After that you need to upgrade your chart using this file:
helm upgrade prometheus -f values.yaml prometheus-community/kube-prometheus-stack -n prometheus-community
As a result, a single group of rules called "Node" that contains a single alert rule called "HostOutOfMemory" will be created. One remark. Each time you update helm chart another params (admin password, smtp configs,..) may be overridden by default values. To avoid that you need to specify this params in values.yaml or another file that you will apply while updating your chart. To find out how to specify this params you need to get full list of overridable params in an application. In order to do that execute the following command:
helm show values prometheus-community/kube-prometheus-stack > default-values.yaml
It will generates default-values.yaml file that contains all overridable params. After that you need to search along this file configs that you want to change. It may take a lot of efforts because of tons of this configs. Also there is no standarts for naming - it's only depends from chart developers and how they called a config.
That should work for creating a new rule, how about changing the existing ones?
UPDATE: I see that there is a flag to disable rules on a case by case basis. As helm does not merge rules, there is not much options to update existing rules, but disabling the "stock" one, and readding it as needed, the way it is noted above, yet by using another group name (entries cannot be merged with existing groups, I believe)
In the latest versions of the chart, I found the customRules section in the configuration.
I assume that to override a rule, it's now easier to simply rewrite the rule and set the severity to "none" in the default rule.
customRules:
NodeHighNumberConntrackEntriesUsed:
severity: "none"
additionalPrometheusRulesMap:
# rewrite basic rules
rewrite-rules:
groups:
- name: node-exporter
rules:
- alert: NodeHighNumberConntrackEntriesUsed
annotations:
description: "{{ $value | humanizePercentage }} of conntrack entries are used."

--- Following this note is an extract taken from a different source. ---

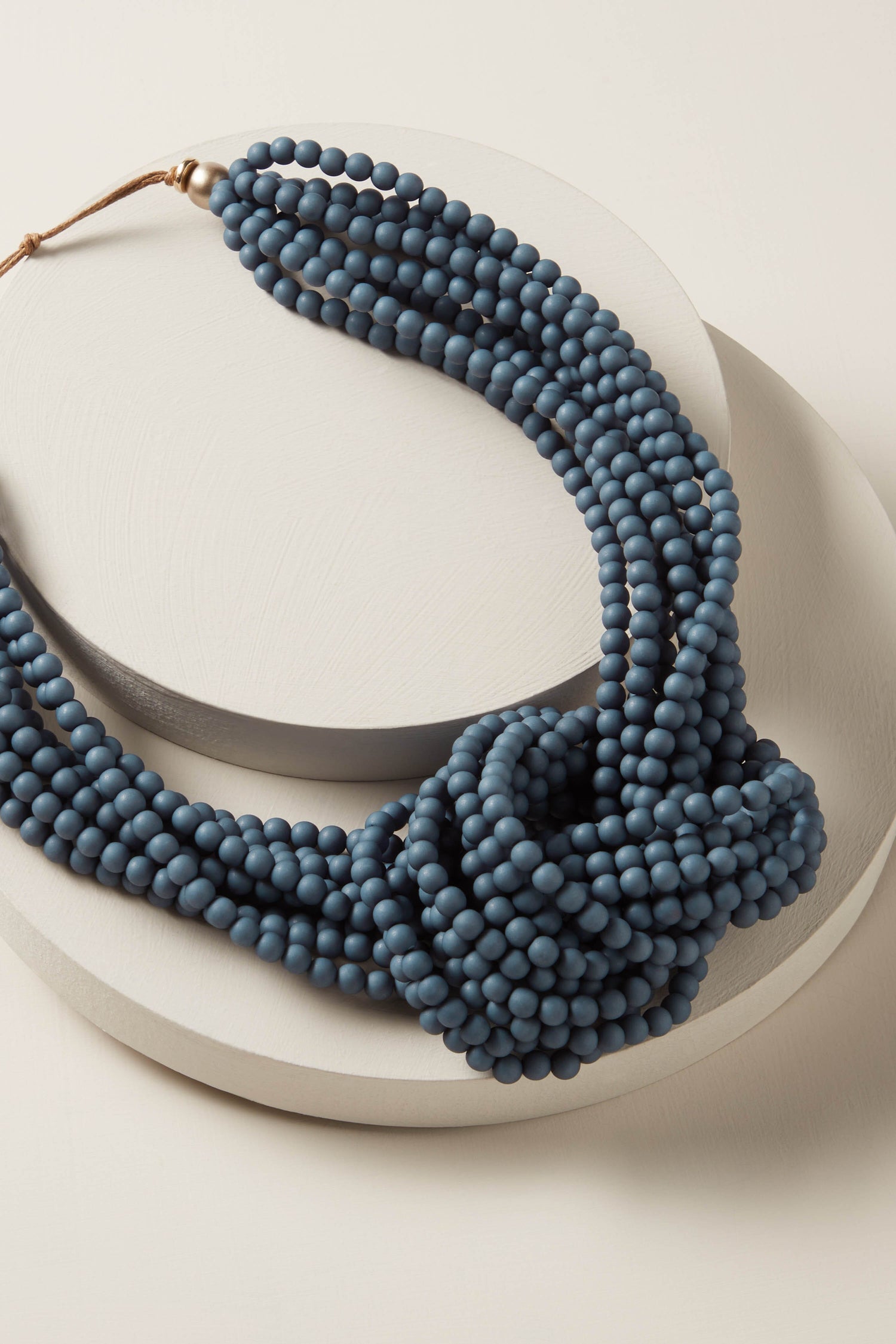 A blue Knotted Bead Necklace with metallic accents on a white surface.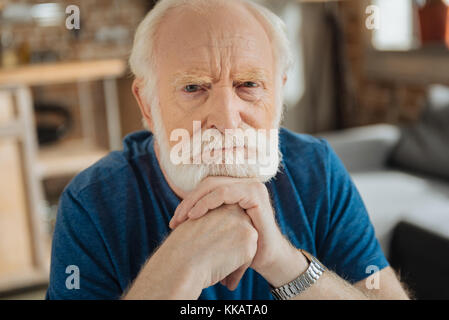 Smart wise man holding his chin Stock Photo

runbook_url: "https://runbooks.prometheus-operator.dev/runbooks/node/nodehighnumberconntrackentriesused"
summary: "Number of conntrack are getting close to the limit."
expr: (node_nf_conntrack_entries{job="node-exporter"} / node_nf_conntrack_entries_limit) > 0.80
labels:
severity: warning
Hello. I want to add some extra prometheus alerting rules using helm. I can add this rules manually via prometheus or grafana UI but this method doesn't suit for me. So, the question is: how can I add/update prometheus alerting rules in kubernetes cluster using local yaml files?
I tried to upgrade promtehteus release using helm upgrade command. For this purpose I created a local configuration file prometheus.yaml and copied into it prometheus configuration from prometheus UI control panel (status/config section in the navigation panel). Also I added in rule_files section path to my local alert_config.yaml:
File alert_config.yaml is pretty simple and contains single additional rule:
Then I executed helm upgrade:
helm upgrade -f prometheus.yaml prometheus prometheus-community/kube-prometheus-stack -n prometheus-community
And got successful output:
But after that new prometheus alert rule didn't appear. Recreating the pods using deprecatd helm flag --recreate-pods or by manual scaling didn't help for me too. I will appreciate any help with this question.